EU to stop short of full Russian oil embargo – media
Brussels proposes an initial ban only applying to seaborne crude, according to Bloomberg
The European Commission has suggested starting an embargo on Russian oil by giving up on seaborne deliveries, while delaying a ban on pipeline supplies, Bloomberg reported on Saturday, citing “people familiar with the matter.”
The revised proposal was sent to the governments of member states on Saturday and could be discussed by the EU ambassadors as soon as Sunday, according to the news agency.

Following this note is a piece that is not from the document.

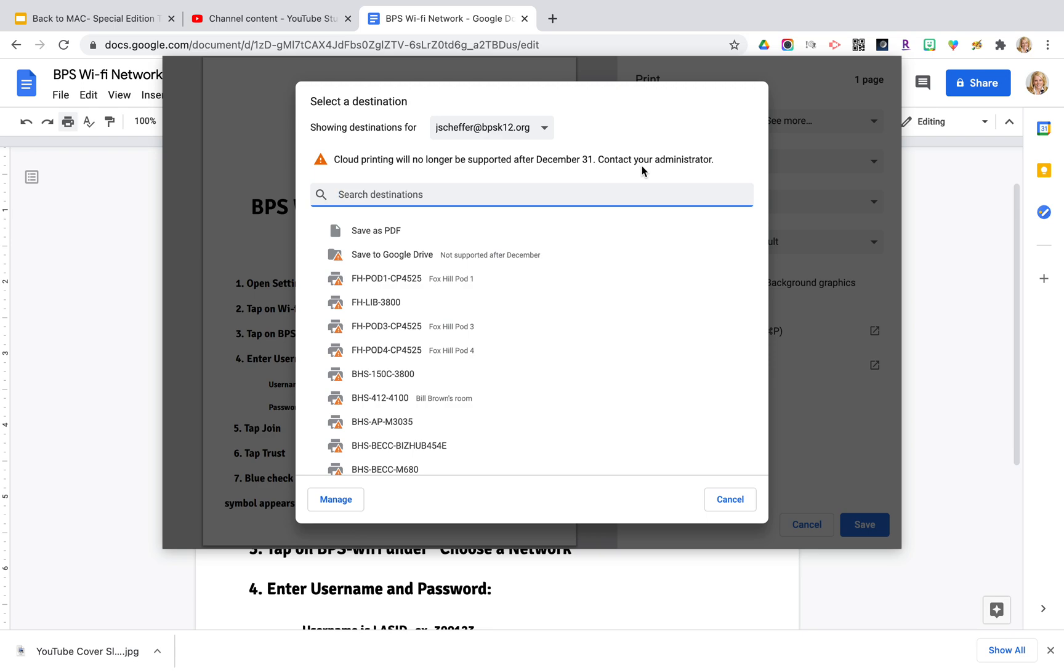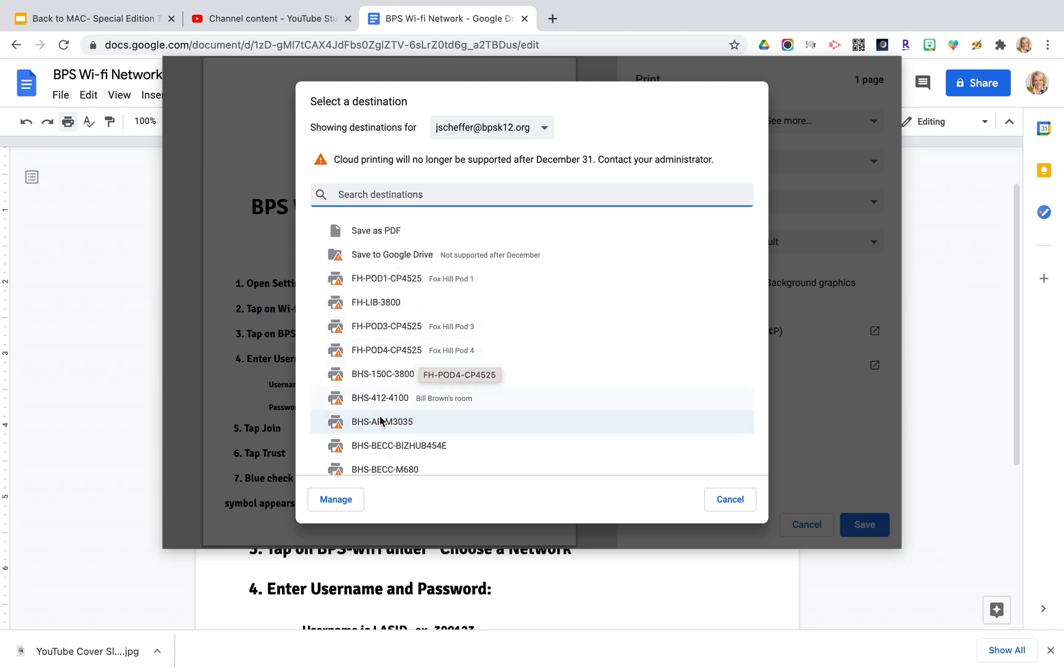But from now until then what you will do is search for your destination printer. So for example, if you are a teacher at Fox Hill, all of the Fox Hill printers for the pods are listed here.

The EU's executive arm says shipments of oil through the Druzhba pipeline, which connects Russia to Ukraine, Belarus, Poland, Hungary, Slovakia, the Czech Republic, Austria and Germany, should for now be spared from the embargo that the bloc is looking to impose on Moscow over its military offensive against Ukraine.
The proposal is allegedly aimed at satisfying the objections of Hungary, which has been stalling the sixth package of EU sanctions against Russia. Budapest receives most of its oil from Russia, and has compared a full ban to “an atomic bomb.” Other landlocked nations including the Czech Republic and Slovakia have also voiced reservations over an embargo.
The new proposal would give more time to Hungary to find a replacement for Russian pipeline oil.
As for supplies by sea, all EU states are to give up on Russian crude delivered by tankers in six months and refined petroleum products in eight months, the sources said.
The European Commission has also proposed restricting re-exports of Russian pipeline oil to other member states or third countries as part of the draft.
European Commission President Ursula Von der Leyen told MSNBC earlier this week that the bloc could not place an immediate ban on Russian oil as President Vladimir Putin “might be able to take the oil that he does not sell to the EU to the world market, where the prices will increase, and sell it for more – and that would fill his war chests.”
However, Von der Leyen insisted that overcoming dependence on Russian oil and gas remains one of the EU's major goals in the long run.
“Over time what we do is get rid of the overall dependency of the Russian fossil fuels, all three of them, and never to go back again… If there's anything Putin has achieved it is that he lost his best client and Europe will never come back, and he pushed us – and that's good – into the direction of renewable energy,” she said.